Wilson’s father, Harold Nixon of Hamilton was a pilot in the Royal Canadian Air Force. Harold flew in North Africa, Malta, and Europe, he was shot down and escaped from a German prisoner-of-war camp and was awarded the Distinguished Flying Cross. Harold Nixon died in 1985.

Wilson wasn’t aware of his dad’s background as a fighter pilot. After Harold’s death, Wilson’s mom told him about his father’s war record.

Wilson received an unexpected call asking if he would like to go for a flight in the same Spitfire his father flew in the war.

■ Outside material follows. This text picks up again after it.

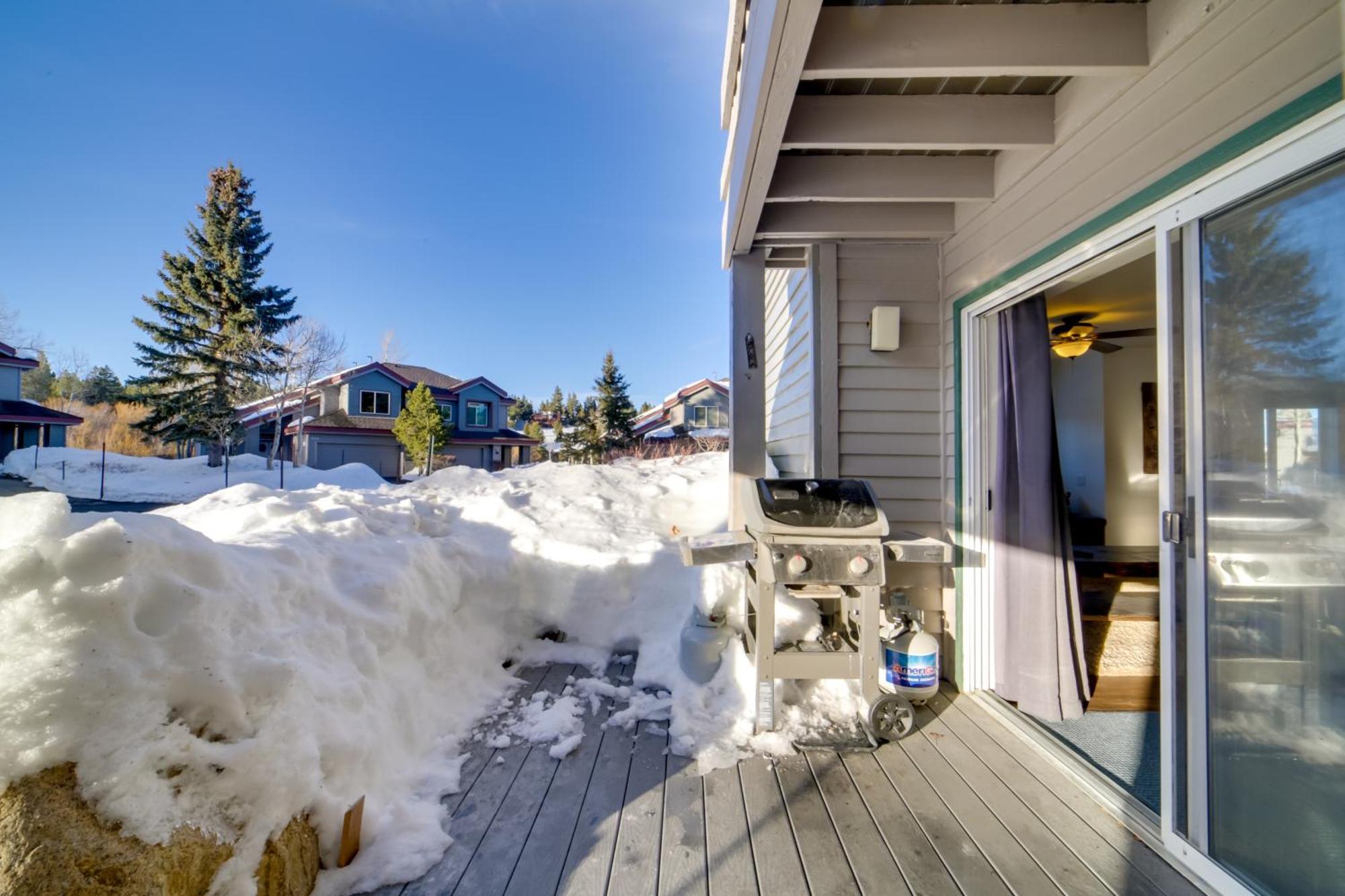 Snowcreek Resort Condo With Deck At Mammoth Mountain Mammoth Lakes Eksteriør bilde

The plane was being restored in England, equipped with a second cockpit for a passenger.

Once in the air, the pilot asked Wilson, who has little flying experience to take over, not just any plane, but his father’s Spitfire. “Wilson, are you ready, are you ready to take over? and I said, ‘more than ready, let’s do it.'”

“Picturing my father sitting in front of me, flying the plane, attempting to channel my father, thinking what he must have gone through every day all those years over there, what he was up against, the vulnerability of this small fighter plane,” Wilson said.

The experience gave Wilson a whole new perspective on the war and his father, “I wish I would have had the opportunity to talk to my father and ask him questions about so many things that I learned.”